# mixing with tinctorius



## Rain_Frog (Apr 27, 2004)

I know, I know, I've kept all sorts of amphibians long enough and know the risks involved in mixing species. You can chide me later :wink: 

Anyway, I have this really nice DIY cage that is nearly done. It is 18" wide x 20" tall, x 26" long. Pretty much a 40 gallon. My tinc will be moving in there, and hopefully with a female eventually.

Now, this definitely large enough to house another species with him, IF I didn't plan on breeding them...I think.

that's where my problem begins. I plan to breed any dart frog I get, and that is enough to cause the frogs to begin to fight each other. I know Jason Hupp used to keep a pair of auratus with azureus and bicolor, but later removed them from his 125 gallon because the breeding pair of aurats were getting aggressive.

I'd want a pair of terribilis to co exist with tincs, but once again, this almost sounds like wishful thinking. 

The only other option, if I feel "that" adventurous, would be a red eyed tree frog. But the cricket thing worries me about my tinc when he's sleeping. Even lobster roach diet is problematic because roaches are much hardier than crickets. I don't feel like I can dangle reheated frozen crickets in my RETF every time he needs to be fed like Jason Hupp has.

I decided that putting tricolors with my tinc is a bad idea considering they like it a bit cooler than he does.


----------



## Rain_Frog (Apr 27, 2004)

yeah, just forget it. Sorry guys. I just remembered that red eyes will destroy my bromeliads and delicate plants with their destructive leaping, regardless if the frogs got along.


----------



## KeroKero (Jun 13, 2004)

I've kept my tricolors at the same temps as all my other darts... and while I haven't had tincs and tricolors at the same time its really the same temp anyways. Tricolors were housed with tincs (giant orange) for years at NAIB in the hidden life exhibit. They have a wide temp range, I wouldn't worry about it.

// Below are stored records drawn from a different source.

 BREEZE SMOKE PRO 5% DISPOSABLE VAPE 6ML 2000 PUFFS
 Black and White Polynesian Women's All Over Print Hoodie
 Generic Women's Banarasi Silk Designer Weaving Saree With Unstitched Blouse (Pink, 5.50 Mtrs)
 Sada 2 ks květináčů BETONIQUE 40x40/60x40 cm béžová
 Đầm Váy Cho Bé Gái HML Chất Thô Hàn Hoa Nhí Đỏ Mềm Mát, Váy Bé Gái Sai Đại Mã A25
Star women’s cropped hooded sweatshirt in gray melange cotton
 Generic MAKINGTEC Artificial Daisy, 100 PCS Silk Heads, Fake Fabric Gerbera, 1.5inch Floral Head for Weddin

While many dendrobates would get along when in the same tank, most tinc group frogs would hybridize, so looking to breed your tincs nocks them out of the running. Thumbnails like imitators or vents might be in the running but I'd leave eggfeeders out.

As for phyllobates, terribilis and bicolor seem a bit big and agressive (at least feeding wise) than tincs, not to say they wouldn't get along... I just think something like some P. lugubris or vittatus might be better if you wanted to go that way.

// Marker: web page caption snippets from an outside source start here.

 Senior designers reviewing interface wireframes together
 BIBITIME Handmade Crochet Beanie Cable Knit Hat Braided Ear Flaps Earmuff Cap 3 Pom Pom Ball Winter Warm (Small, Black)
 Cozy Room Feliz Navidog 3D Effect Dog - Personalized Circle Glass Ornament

TF wise... try Hourglass TFs (H. ebraccata) or Clown TFs (H. leucophyllata...sp?). Both stay smaller and I've had them do well with PDFs before. A couple of small sized crickets from your local petstore would do well to feed them. The smaller crickets couldn't do the damage you are worried about like the larger crix you'd feed RETFs, and its just a matter of putting in a chunk of sweet potato to keep the crix from munching other stuff (like your frogs and plants) and also get them out in the open at night when the TFs are hunting.

With a 40, personal opinion is that I'd scrap getting another PDF species with him, just get a bunch of others of his morph and get a nice group dynamic going. You could have two females in with a bunch of males and probibly not have a problem (enought room and males to keep them happy in seperate territories). If you really wanted another species, then go with the TFs to compliment the tank at night.


----------



## Rain_Frog (Apr 27, 2004)

Yeah, but what about the lobster roaches? Eventually, crickets will die in such a humid and warm, wet environment. But tropical roaches?

Nobody has reported either about the breeding of flightless houseflies. I would like to have some.

Like you said, I personally would rather have a group of tincs to breed, as that is my goal with any frog species I get.


----------



## KeroKero (Jun 13, 2004)

Ideally you'd want to introduce the group of tincs to the big tank at the same time so you don't run into problems of having set territories and then frogs getting bitchy with a newcomer tresspassing, this would imply them all being about the same size/age. When they become sexable and what not, and you find you don't have the ratio you want, you can often trade with others for sexes which is easier than just trying to buy sexable frogs outright.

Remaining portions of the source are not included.